> [RECORDS FOR THE TASK]

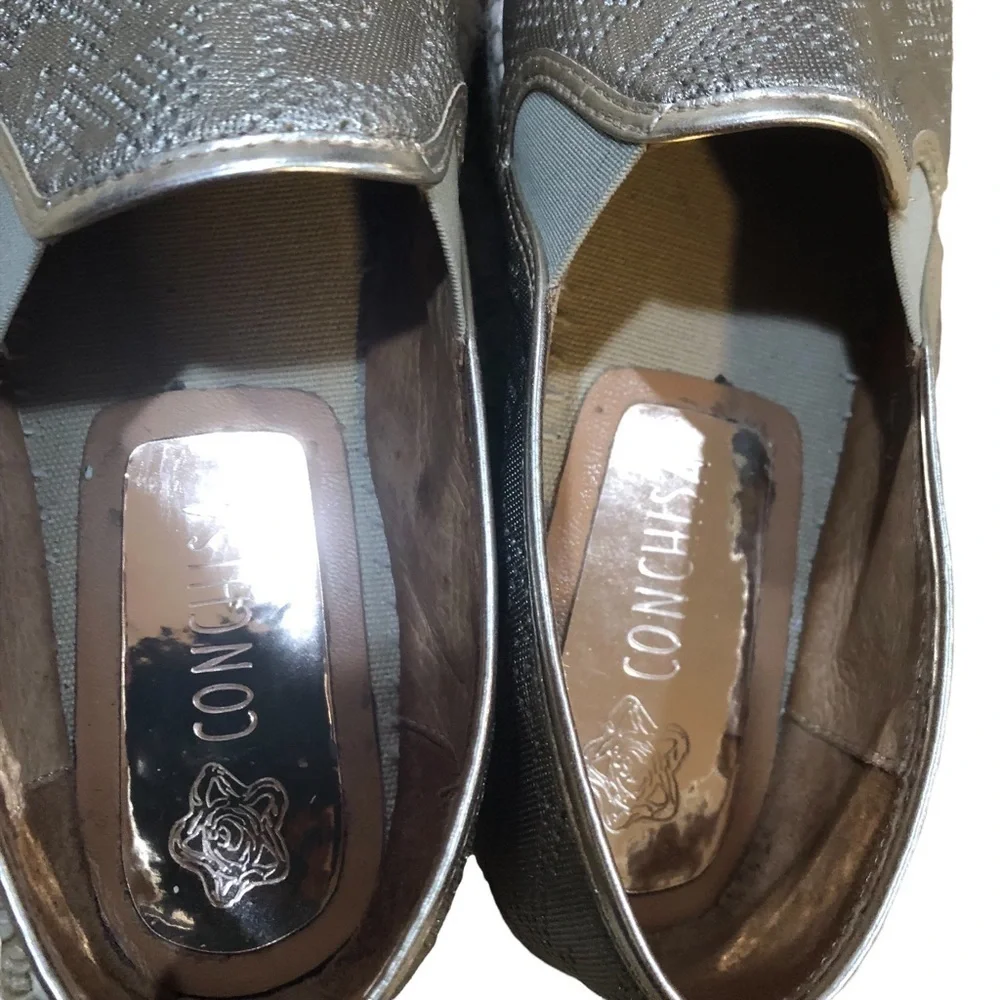 Conchisa Gold Espadrilles size 8‎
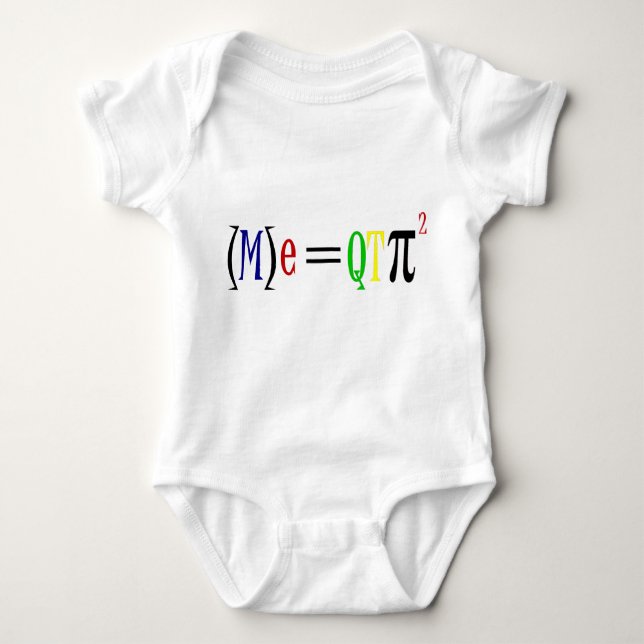 Science Geek Cutie Pie Squared Baby Formula Baby Bodysuit (Front)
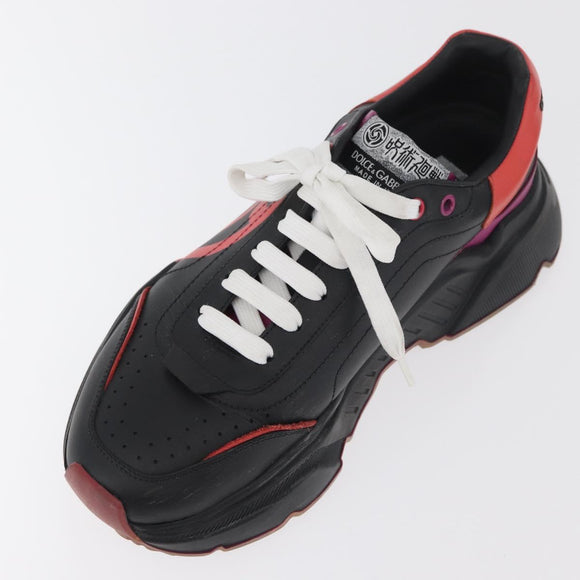DOLCE&GABBANA D&G x Jujutsu Kaisen Art College Shoes Leather Black Auth 167283A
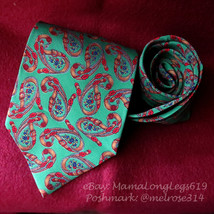 Vtg Antony Design Silk Necktie Paisley Bridle Belt Equine Floral Print H... - £14.83 GBP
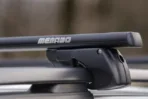 ΜΠΑΡΕΣ ΟΡΟΦΗΣ ΑΛΟΥΜΙΝΙΟΥ SHERMAN BLACK 120 cm ΣΕ ΜΑΥΡΟ ΧΡΩΜΑ ΓΙΑ ΟΡΟΦΗ ΜΕ RAISED RAILS MENABO - 2 ΤΕΜ.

> [EXERCISE BRIEF] Your answer must consist of the entries, unchanged, with no pictures in it.

> [OUTPUT]
 Conchisa Gold Espadrilles size 8‎
 Science Geek Cutie Pie Squared Baby Formula Baby Bodysuit (Front)
DOLCE&GABBANA D&G x Jujutsu Kaisen Art College Shoes Leather Black Auth 167283A
 Vtg Antony Design Silk Necktie Paisley Bridle Belt Equine Floral Print H... - £14.83 GBP
 ΜΠΑΡΕΣ ΟΡΟΦΗΣ ΑΛΟΥΜΙΝΙΟΥ SHERMAN BLACK 120 cm ΣΕ ΜΑΥΡΟ ΧΡΩΜΑ ΓΙΑ ΟΡΟΦΗ ΜΕ RAISED RAILS MENABO - 2 ΤΕΜ.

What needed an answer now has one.